But Fine's 437-page report last month on the Bush
administration's interrogation policies,
concluded that Rumsfeld and other top White House
officials ignored FBI concerns about the
treatment of detainees and signed off on the interrogations.
In October 2002, Fine said, FBI agents raised
concerns with Marion Bowman, the Justice
Department's deputy general counsel in charge of
national security, about the methods used during
interrogations at Guantanamo Bay. An FBI agent
stationed at Guantanamo then sent the agency an
analysis on November 27, 2002, calling into
question the legality of the interrogation
techniques, stating that the methods used
appeared to violate the U.S. Torture statute.

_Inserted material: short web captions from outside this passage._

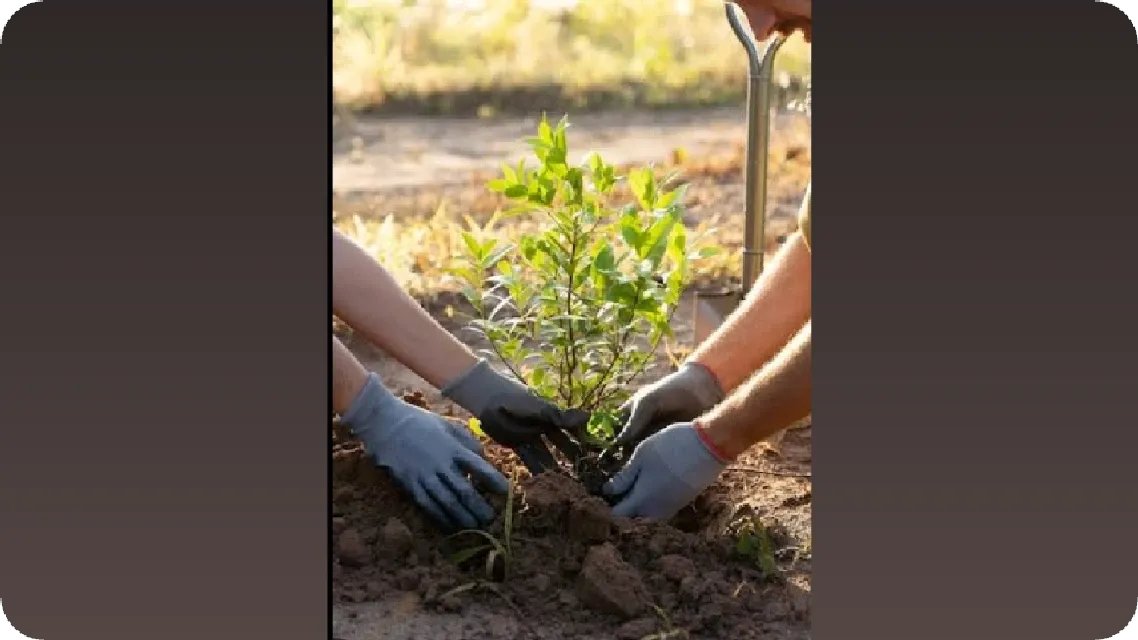 Elcat5's tweet image. This image says it all 🌿
It starts with you. Make a difference.

View the post 👉 app.ecox.network/community/post…
Earn GREEN on @ECOX_ECOToEarn while you act:
app.ecox.network/register?refCo…

#ECOX #GREEN #ECO_TO_EARN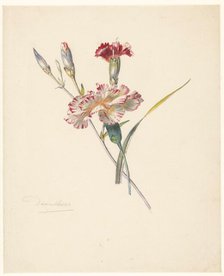 Study sheet with Carnations, 1824-1900. Creator: Albertus Steenbergen.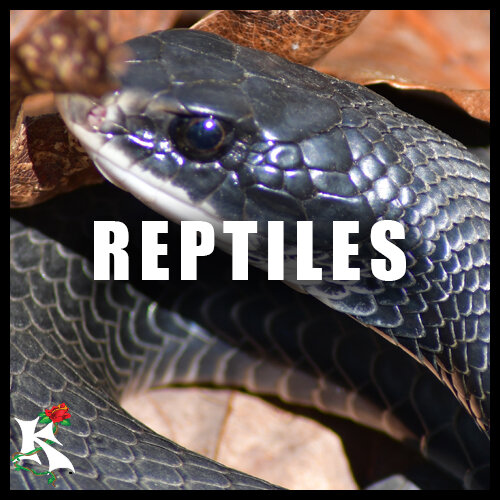 Reptiles Category Koaw Nature.jpg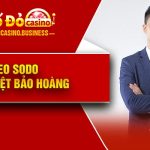 Ceo Sodo - Trần Việt Bảo Hoàng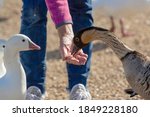 Nene goose feeding out of a ladys hand and ross's geese waiting to be fed next.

Bowman then alerted Jim Haynes, the DOD's general counsel.
The same day Bowman raised concerns with Haynes,
Haynes advised Rumsfeld to approve of "enhanced
interrogation" methods, according to Sen. Dianne
Feinstein, (D-Calif.), who chaired last Tuesday's committee hearing.
"According to Mr. Bowman, Haynes claimed he
didn't know anything about the coercive
interrogation techniques that were occurring at
Guantanamo, despite the fact that he recommended
on November 27, 2002, that Secretary Rumsfeld
formally approve the very techniques that were
being used at Guantanamo," Feinstein said.
On Nov. 23, 2002, four days before the FBI agent
alerted the DOJ about interrogation tactics he
witnessed, Rumsfeld verbally authorized
interrogators to used harsh methods during their
interrogation of Mohammed al-Qahtani, the
so-called 20th hijacker, who was being held at
Guantanamo. The Pentagon initially wanted the
death penalty for Al-Qahtani, but dropped
war-crimes charges against him last month.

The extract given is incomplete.